O tym sejmowy Komitet Oświaty, Nauki i Kultury powiadomił wicemer Wilna Jarosław Kamiński. W taki sposób władze stolicy próbują rozwiązać problem z brakiem miejsc w stołecznych przedszkolach.
„Planujemy, że w ciągu bieżącego i następnego roku całkowicie rozwiążemy problem z brakiem miejsc. Jednym ze sposobów jest nowy tryb przyjmowania dzieci do przedszkoli. Do stołecznych przedszkoli będą przyjmowane tylko dzieci, których miejsce zamieszkania jest zadeklarowane w Wilnie” - powiedział Kamiński.
Według danych samorządu, do stołecznych przedszkoli uczęszcza około 2600 dzieci spoza Wilna czyli około 10 proc. wszystkich dzieci.
„W przypadku eliminacji tej liczby, miejsca w przedszkolach wystarczyłoby” - dodał wicemer.
Obecnie w przedszkolach Wilna brakuje około 1500 miejsc.

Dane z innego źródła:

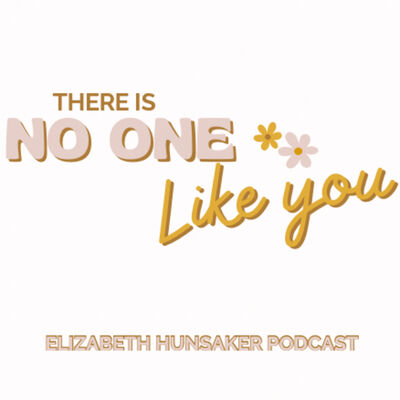 There Is No One Like You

Ogółem do przedszkoli chodzi 23 tys. 435 dzieci.
Zgodnie z nowym trybem, rodzice będą zobowiązani okazać zaświadczenie, że ich podatki wpływają na konto Wilna.
„Jeżeli pokażą zaświadczenie, że porządnie płacą podatki w Wilnie, proszę bardzo – przedszkole wasze” - zaznaczył Kamiński.
Pomimo tego, w przypadku takiego rozwiązania planowane jest oszczędzenie dodatkowych 2 mln litów, które są wydawane na dowóz dzieci z rejonu.
Przedstawiciele samorządu również poinformowali, że w 2013 – 2014 latach planuje się stworzenie dodatkowych 990 miejsc w przedszkolach, poprzez wybudowanie nowego przedszkola w Santaryszkach oraz poprzez racjonalne wykorzystanie na wpół pustych pomieszczeń szkolnych.